Sneakerhead-edness is the triumph of want over need. But where does that come from? And why kicks?

 

Going back to that void that only a shoe can fill, Sharma talks about how, as a young man growing up in Meerut, he dreamed of someday making it. And the people around him who had made it invariably had really good shoes.

“If someone was wearing a nice pair of shoes that would always catch my attention. I wanted to be on the other side of that,” he says. This feeling intensified when work took him to New York State in 2006.

“It’s exactly like the stock market, value based on perception. And when you have the right shoes, you feel like you belong,” Sharma says.

That feeling led Sharma to set up Instagram page Sneaker Talk India, and a meet-up called Delhi Kicks Xchange in 2017, both platforms on which sneakerheads meet, flaunt their shoes and sometimes swap. Sharma says he would never swap; his shoes mean too much to him, he says, are too much a part of his identity, to just hand over.

“And when something becomes part of your identity, how do you stop? That’s why no collector ever arrives at the point where their collection is complete.

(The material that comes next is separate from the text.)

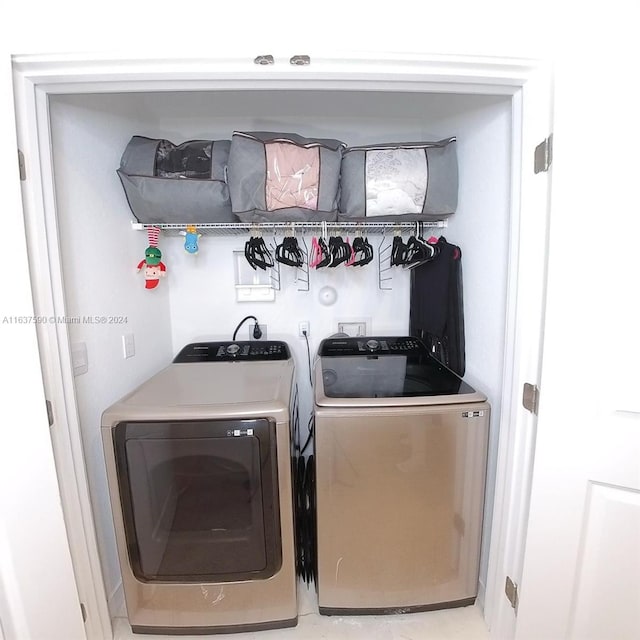 laundry room featuring washer and dryer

When people tell me I’m obsessed, I tell them I’ve gone from buying 25 pairs a year to 11 so I’m definitely slowing down.”

It’s affected his savings and even caused credit-card debt, Sharma admits. But now he well and truly is on the other side of the divide. He’s worked to become one of the haves. The soles have given him such confidence that when Sharma’s boss asked him, a few years ago, to wear leather shoes to a meeting, he refused. “‘This is me’ I told him.”